Наиболее четко и в то же время лаконично эта мысль высказана в X Олимпийском эпиникии, где воспевается победа в кулачном бою мальчика Агесидама (ему же посвящена и XI Олимпийская ода):

Легкая победа немногим досталась"
Труд – лучшее украшение жизни.

(С.21–22)

Сходная мысль: "доблести, чуждые опасностям, не почитаются", звучит в VI Олимпийском эпиникии (с. 9-11).

Обращаясь к ахарнянину Тимодему, ставшему победителем в панкратии на Немейских играх (а до этого уже одержавшему ряд побед на других состязаниях), Пиндар восклицает:

Тебя же, о Тимодем,
славным делает
многотрудная победа в панкратии.

(Nemea. II, с. 14–15)

И даже благородное происхождение и расположение небожителей не приносит такой славы, как победа, добытая в тяжком и честном поединке.

Второй этический тезис: атлет всегда должен помнить, благодаря чьим наставлениям он стал победителем. Слова благодарности, обращенные к тренеру, встречаются во многих Пиндаровых эпиникиях. Это, так сказать, элемент хорошего тона, обязательный для атлета. В уже упоминавшейся X Олимпийской оде, посвященной Агесидаму Локрийскому, с самого начала поэт высказывает пожелание, чтобы победитель выразил признательность своему тренеру Илу– "мужу-наставнику":

Агесидам же,
Победив бойцов в Олимпии,
Да возблагодарит Ила,
Как Ахилла Патрокл.
Муж, наставляющий рожденного к доблести,
С божьей помощью
Возвышает его к славе безмерной.

(С.16–21)

Два эпиникия (Olympia, VIII и Nemea, VI) посвящены мальчику-борцу Алкимеду Эгинскому. В обеих одах есть слова похвалы и благодарности, обращенные к Мелесию – тренеру Алкимеда, бывшему в свое время прекрасным атлетом. В молодые годы неоднократно побеждая на стадионах и получив немало наград, Мелесий теперь удостоен высшей награды – победы своего ученика:

Ныне ж награда ему
Сам Алкимедон,
Одержавший тридцатую победу.

(Olympia, VIII, с. 65–66)

Тема преемственности атлетического мастерства легко обнаруживается (как мы уже видели выше) во многих эпиникиях: брат, отец или даже дед передают агонистические навыки младшему наследнику. Теперь же речь идет о тренере и ученике. Собственно, VIII Олимпийский эпиникий в равной мере адресован и атлету, и его учителю. Похвалой Мелесию заканчивается и VI Немейский эпиникий (с. 60–65). Этот же мотив благодарности тренеру встречаем и в IV Истмийском эпиникии (с. 90).

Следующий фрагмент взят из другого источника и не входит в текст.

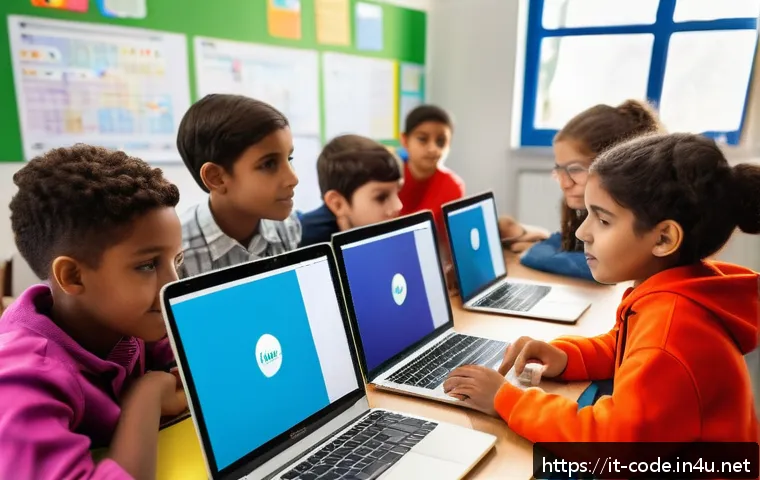코딩교육지도사 교육 방식의 장단점 - A diverse classroom scene with children of various ages working on coding projects using laptops and...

Третий этический тезис: жестокость схваток нигде не осуждается Пиндаром (хотя ею, как мы знаем из других источников, иногда грешили адресаты поэта). Это считалось в порядке вещей, тем более что не в интересах Пиндара было заострять внимание аудитории на отрицательных моментах агонов. Такое условие диктовал сам жанр эпиникия.

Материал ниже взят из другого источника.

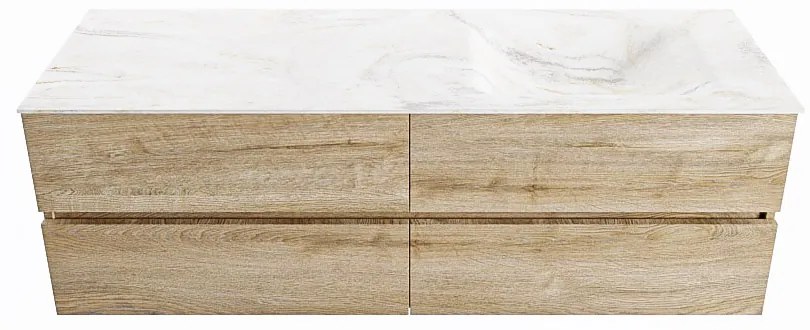 Mondiaz Vica DLux badmeubel 150cm washed oak 4 lades met wastafel ostra rechts zonder kraangat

Четвертый этический тезис – гармония физической силы и добродетели. Это положение соответствует уже рассмотренному выше сочетанию силы физической и интеллектуальной.

В V Истмийской оде Пиндар воспевает Пифея – старшего брата и тренера Фи лаки да с Эгины:

С искусными руками
и таким же умом.

(С. 60)

А в VII Истмийской оде подобная похвала принимает уже несколько более специфические очертания: эпиникий посвящен пан-кратиасту Стрепсиаду из Фив. Боец описан как могучий великан, но одновременно он и красавец. А главное -

Его добродетель
не ниже телесной красоты.

(С. 22)

Итак, здесь атлетические достоинства и красота рассматриваются как составные части ἁρετή.

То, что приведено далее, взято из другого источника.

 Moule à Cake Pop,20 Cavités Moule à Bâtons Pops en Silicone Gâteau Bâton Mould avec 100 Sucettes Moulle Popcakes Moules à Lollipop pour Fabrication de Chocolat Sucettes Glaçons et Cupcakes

Город Эгину прославляет Пиндар именно за то, что его жители отличаются не только силой мышц, но также умны и доброжелательны, хорошие советчики в честных делах (Nemea, VIII, v. 13–14).

Наконец, как пятый этический принцип у Пиндара можно отметить бескорыстную честность победителя. Хотя нередко жажда награды превозмогает порядочность (как с горечью констатирует поэт), но да славятся искусные всадники и мужи с бескорыстными душами! Это – высшая доблесть! И пусть жажда славы также не заставит тебя свернуть с прямого пути (Nemea, IX; Isthmia, IV). П. Турын пишет о том, что для земельной аристократии, глашатаем интересов которой был Пиндар, "…понятие доблести было объединенным понятием духовного и физического совершенства".